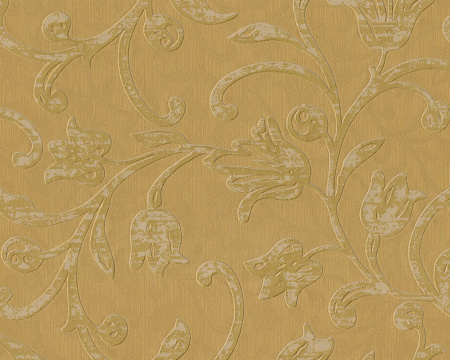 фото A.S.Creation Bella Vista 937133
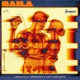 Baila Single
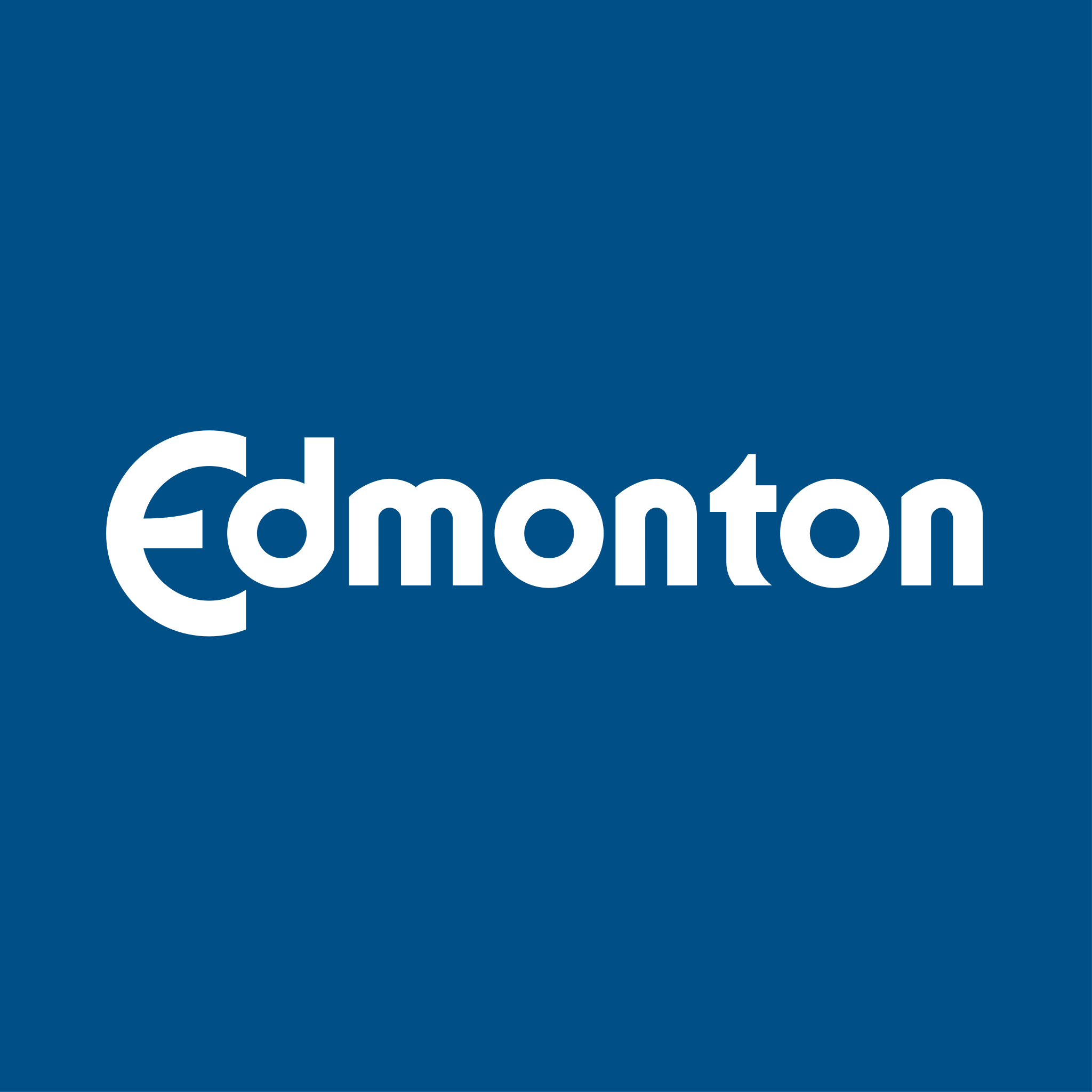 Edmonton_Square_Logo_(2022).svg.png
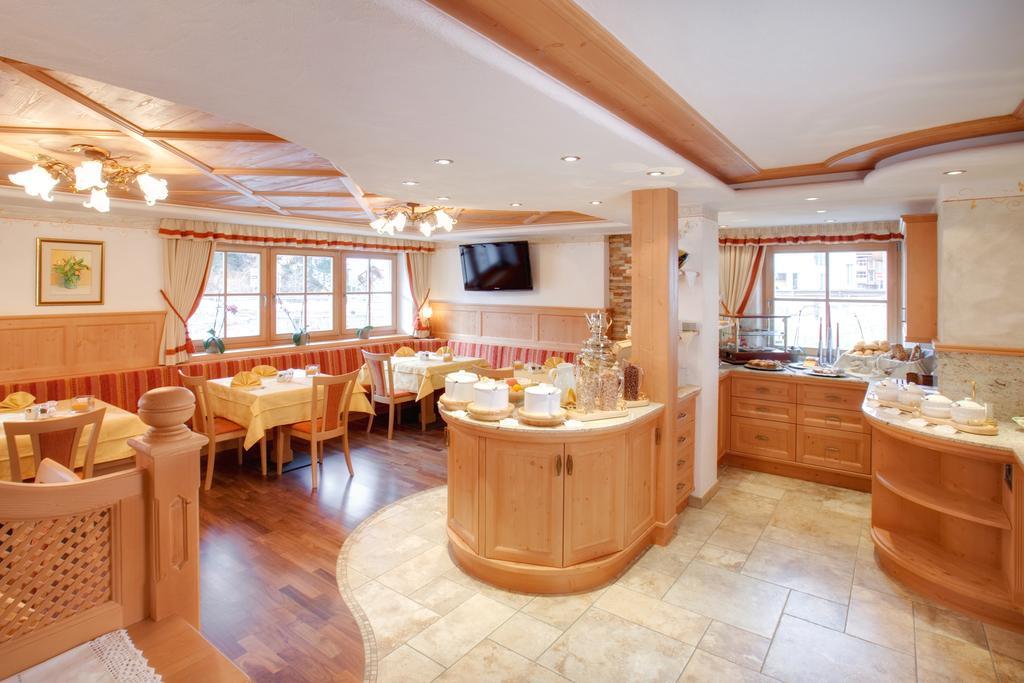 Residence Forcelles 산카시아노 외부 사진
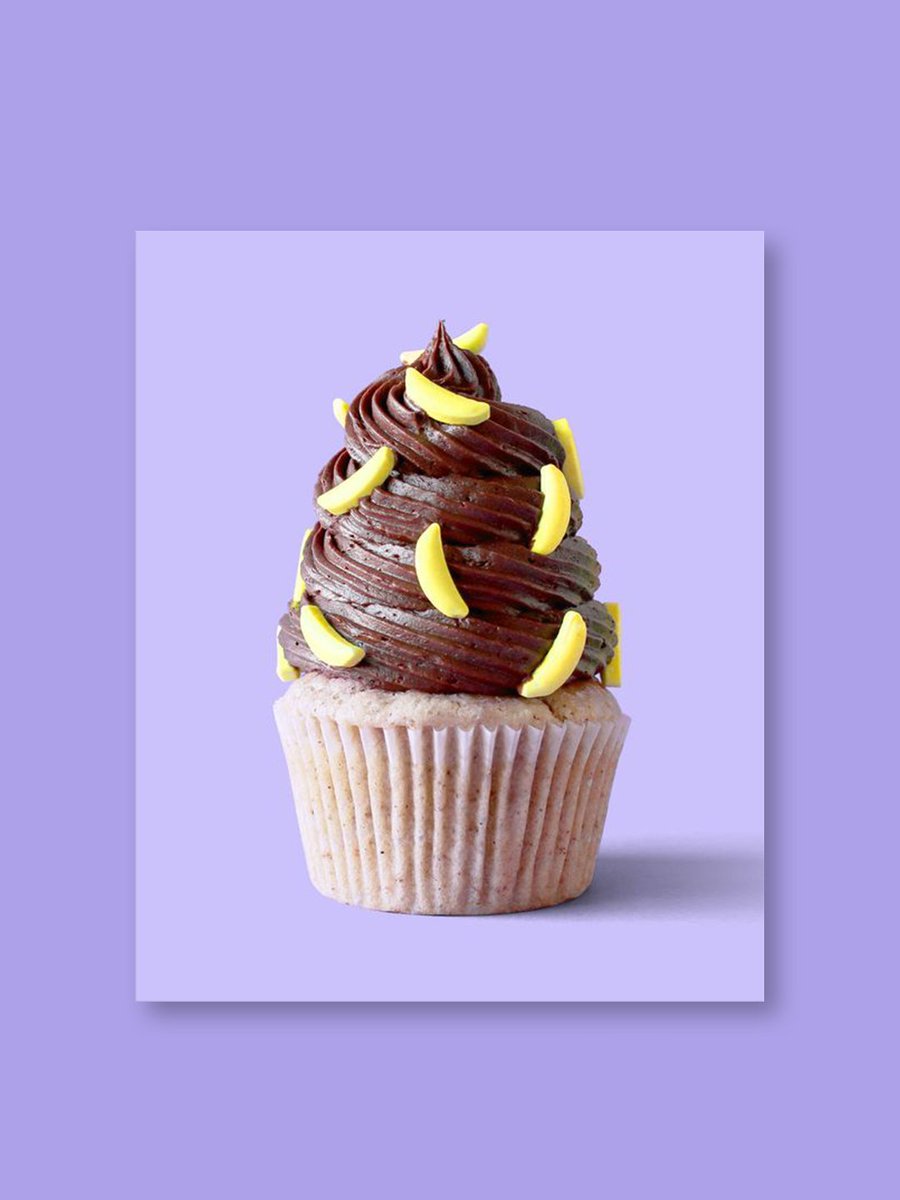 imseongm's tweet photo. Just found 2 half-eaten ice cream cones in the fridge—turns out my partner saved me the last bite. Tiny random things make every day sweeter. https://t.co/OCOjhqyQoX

◆ ◆ ◆ ◆ ◆ ◆ ◆

* **WORK INSTRUCTIONS**:
Transcribe nothing but the lines from the one containing "Baila Single" through the final line of the records, exactly as written and without pictures.

* **EXPECTED ANSWER**:
 Baila Single
 Edmonton_Square_Logo_(2022).svg.png
 Residence Forcelles 산카시아노 외부 사진
 imseongm's tweet photo. Just found 2 half-eaten ice cream cones in the fridge—turns out my partner saved me the last bite. Tiny random things make every day sweeter. https://t.co/OCOjhqyQoX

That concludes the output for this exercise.